Crawled caption data

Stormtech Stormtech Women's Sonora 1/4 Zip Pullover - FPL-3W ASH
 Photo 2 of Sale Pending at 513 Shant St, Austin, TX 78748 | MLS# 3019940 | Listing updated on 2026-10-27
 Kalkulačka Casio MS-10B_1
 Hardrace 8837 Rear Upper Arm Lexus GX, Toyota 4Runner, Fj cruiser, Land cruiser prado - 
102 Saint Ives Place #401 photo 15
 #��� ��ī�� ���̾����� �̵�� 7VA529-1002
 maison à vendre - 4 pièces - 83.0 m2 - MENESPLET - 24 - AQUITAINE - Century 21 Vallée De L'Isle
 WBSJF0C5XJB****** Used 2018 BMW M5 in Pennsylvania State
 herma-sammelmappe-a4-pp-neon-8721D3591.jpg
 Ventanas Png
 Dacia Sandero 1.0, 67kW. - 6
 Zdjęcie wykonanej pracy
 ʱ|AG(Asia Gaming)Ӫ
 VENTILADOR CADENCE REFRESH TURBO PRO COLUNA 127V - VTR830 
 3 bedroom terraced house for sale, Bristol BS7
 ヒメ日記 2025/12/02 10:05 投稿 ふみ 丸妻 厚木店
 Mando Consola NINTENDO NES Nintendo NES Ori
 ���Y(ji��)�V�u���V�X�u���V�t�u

-- What this task involves --
Copy every record once more, exactly as given.

-- Task answer --
Stormtech Stormtech Women's Sonora 1/4 Zip Pullover - FPL-3W ASH
 Photo 2 of Sale Pending at 513 Shant St, Austin, TX 78748 | MLS# 3019940 | Listing updated on 2026-10-27
 Kalkulačka Casio MS-10B_1
 Hardrace 8837 Rear Upper Arm Lexus GX, Toyota 4Runner, Fj cruiser, Land cruiser prado - 
102 Saint Ives Place #401 photo 15
 #��� ��ī�� ���̾����� �̵�� 7VA529-1002
 maison à vendre - 4 pièces - 83.0 m2 - MENESPLET - 24 - AQUITAINE - Century 21 Vallée De L'Isle
 WBSJF0C5XJB****** Used 2018 BMW M5 in Pennsylvania State
 herma-sammelmappe-a4-pp-neon-8721D3591.jpg
 Ventanas Png
 Dacia Sandero 1.0, 67kW. - 6
 Zdjęcie wykonanej pracy
 ʱ|AG(Asia Gaming)Ӫ
 VENTILADOR CADENCE REFRESH TURBO PRO COLUNA 127V - VTR830 
 3 bedroom terraced house for sale, Bristol BS7
 ヒメ日記 2025/12/02 10:05 投稿 ふみ 丸妻 厚木店
 Mando Consola NINTENDO NES Nintendo NES Ori
 ���Y(ji��)�V�u���V�X�u���V�t�u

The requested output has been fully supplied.